After nearly two years of mounting problems at Coppin State University, including low graduation rates, a vote of no confidence and resignation of President Reginald Avery, the University System of Maryland Board of Regents Special Review Committee on Coppin will release its findings and recommendations at a public meeting on Wednesday morning.
Along with a presentation of the final report prepared by the Special Review Committee, other topics to be addressed at the meeting include a vote on a proposed schedule of tuition and mandatory fees for fiscal year (FY) 2014, as well as the ’14 operating budget.
The meeting is scheduled to begin at 8:30 a.m., May 15, in Room 109 of the Physical Education Complex at the school’s campus in Baltimore.
In December 2012, the Board established a committee to conduct a comprehensive review of Coppin State and develop strategies to increase student retention and graduation rates, improve administrative operations and financial stability and build a culture focused on success. The review process has included three public hearings on campus. The committee’s report addresses the questions concerning the institution’s long-term future.
The 14-member committee was chaired by Freeman Hrabowski, president of the University of Maryland, Baltimore County and former vice president for academic affairs at CSU, and included elected officials, USM regents, representatives from the business, state elementary/secondary and national higher education communities and Coppin State’s faculty, staff, students, alumni, Board of Visitors and foundation board members.
The Committee met five times and assessed demographic and societal trends impacting Coppin. Committee members also reviewed external and internal audits, relevant data and best practices.
Outgoing President Avery gave his support to the review prior to stepping down in January.
Some of the issues that the committee will address include Coppin having the lowest six-year graduation rate of freshmen among USM comprehensive universities, declining student enrollment and concerns about the university having the highest expenditure per student for comprehensive USM institutions.

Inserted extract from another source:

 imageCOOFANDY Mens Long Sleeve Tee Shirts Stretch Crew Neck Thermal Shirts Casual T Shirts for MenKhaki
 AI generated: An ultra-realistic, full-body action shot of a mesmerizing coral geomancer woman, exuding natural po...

The Committee will also address administrative decisions during a period in which there was not enrollment growth, where Coppin added 20 new academic programs, experienced a 49 percent increase in faculty, had a 92 percent and 14 percent increase in professional and staff positions, respectively, and was struggling with an operating budget deficit.

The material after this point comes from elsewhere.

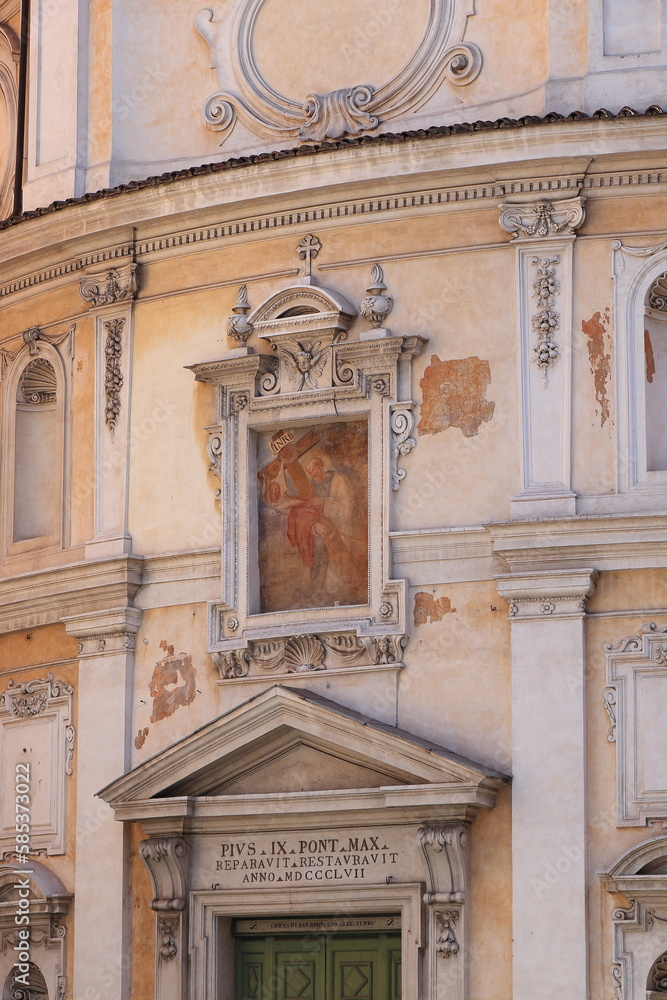 San Bernardo alle Terme Church Facade Close Up with Pediment and Fresco in Rome, Italy
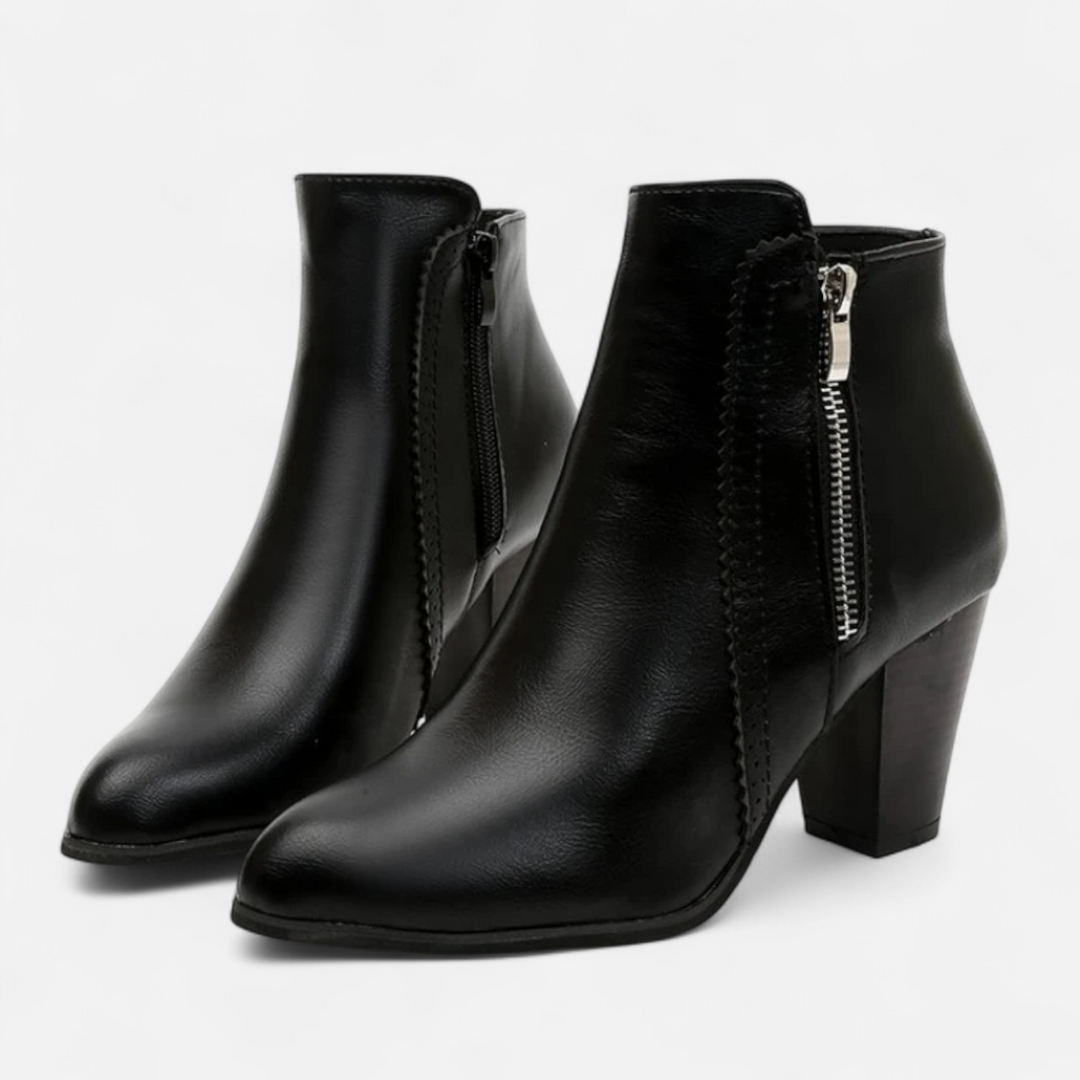 Bottines Rétro à Talon Carré – Noir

The results of the report are expected to be used to carve out a stronger strategic plan for the university prior to beginning the search for a new president. Dr. Mortimer H. Neufville began serving as interim president in January during the university’s period of transition. He is a former executive vice president with the Association of Public and Land-grant Universities and current APLU consultant.
While under scrutiny for administrative decisions and management, Coppin is forging ahead with a formal groundbreaking for the University’s new Science and Technology Center today at 10 a.m.
The $80 million-dollar, 150,332-square-foot construction, will house science-related disciplines, including natural sciences, biology, physics, chemistry, general science and environmental sciences. In addition, space in the center will support programs for dentistry, pharmacy, medicine and provide a technology-based learning environment.